「情報科学科」と聞くと、何やらコンピュータに向かって日々プログラミングをしているマニアックな印象を持つかもしれません。それは昔、コンピュータというインターフェイスに触れるのは一部の人だった時代の話です。今は、コンピュータで何をするのか、という時代であり、一口で「情報科学」と言っても研究対象は非常に広範囲です。
例えば、ロボットの制作から、人工知能の研究、カオス理論、環境問題への取り組みなど、およそ現代の先端技術が関係するものは情報科学の範囲に入らないものはないと言っても過言ではありません。

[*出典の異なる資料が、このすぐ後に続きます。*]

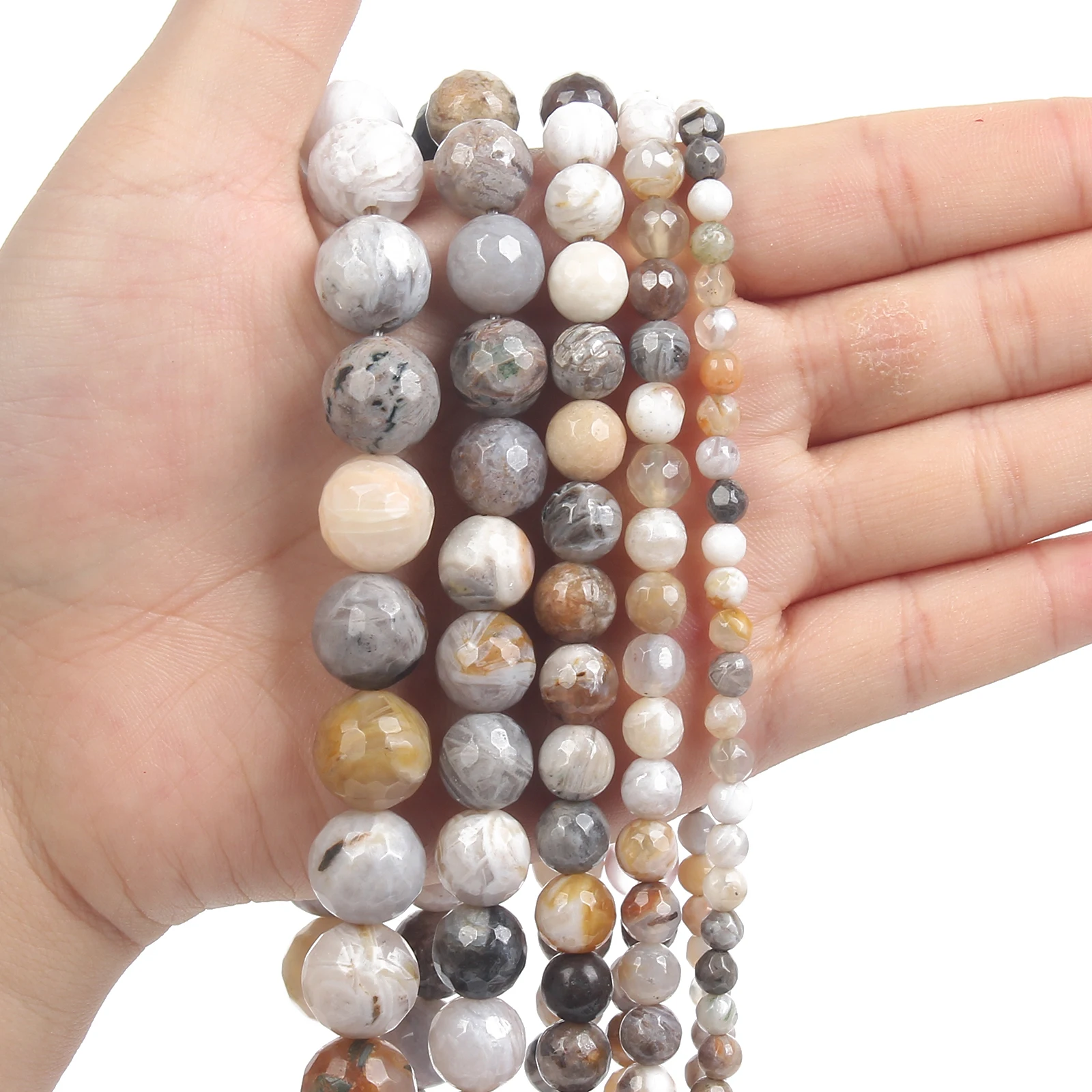 Бусины Из граненого бамбукового агата 4/6/8/10/12 мм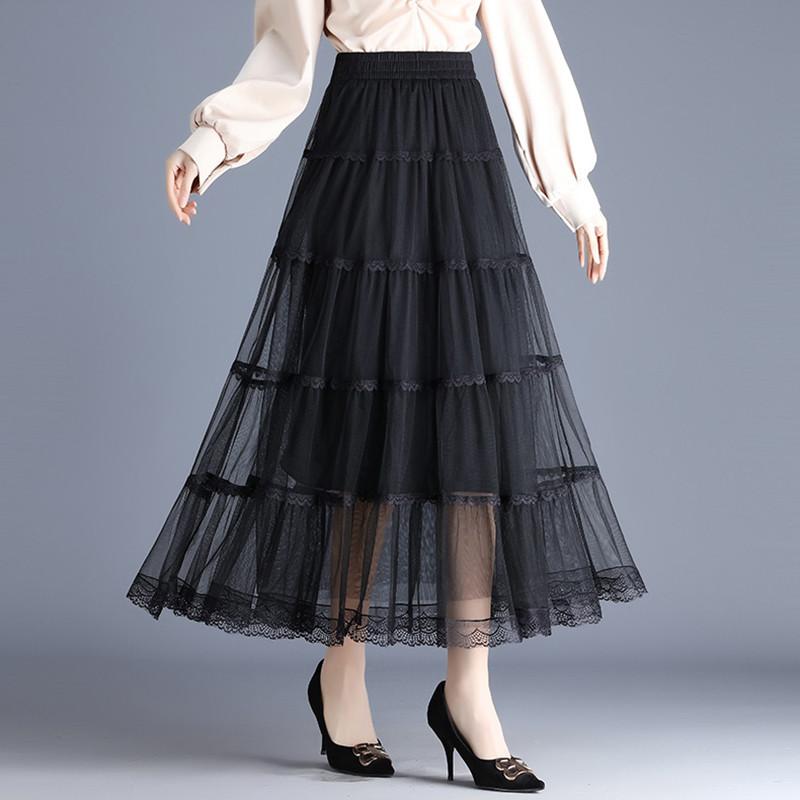 Qooth Damen Lässig Einfarbig Spitze Tüllrock Elegant Elastischer Bund Kuchen Mesh A-Linien-Rock Für Frühling Sommer QT2427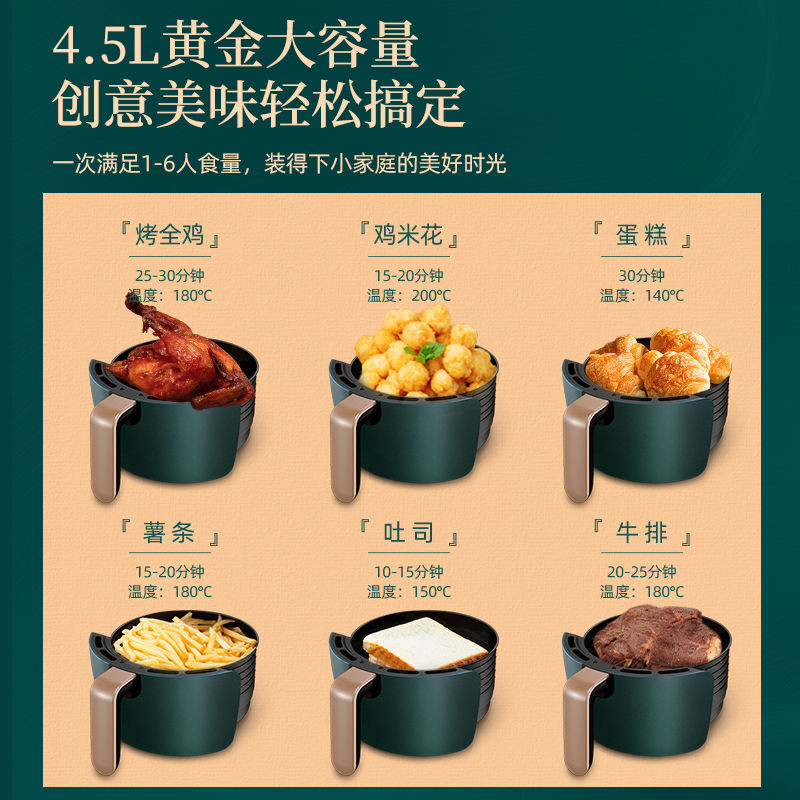 Fritadeira de ar sem óleo Changhong 4,5L verde escuro em uso com diversos alimentos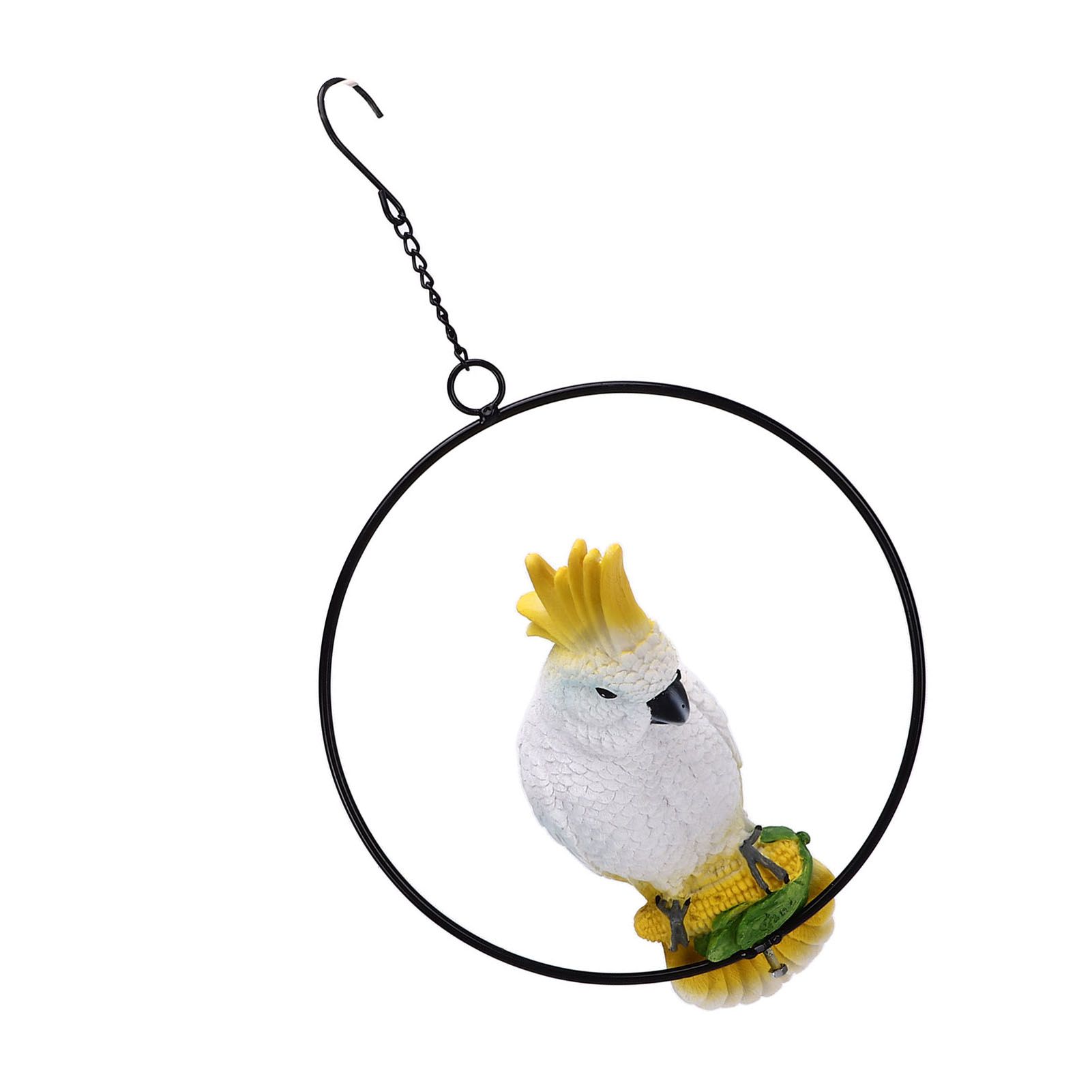Iron Ring Parrots Decor Bright Texture Waterproof Iron Ring Parrots Resin Pendant Crafts - Image 4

ですから、同じ理系学部で、同じ「情報科学」と銘打っていても、理学部と工学部では取り組み方が若干異なります。理学部は基礎的な研究が主であり、工学部は応用的な研究を主とする、と考えればよいでしょう。ただ、ここで「基礎的」と「基本的」を混同しないことです。「基礎的」とは、最初から完全な実用化を目的としたものでなく、科学の進歩を主な目的としています。その結果として実用化に結びつく場合もありますが、あくまでそれは結果です。工学部の「応用」というのは、実用化が目的である、という意味であり、基礎よりも内容が高度である、ということではありません。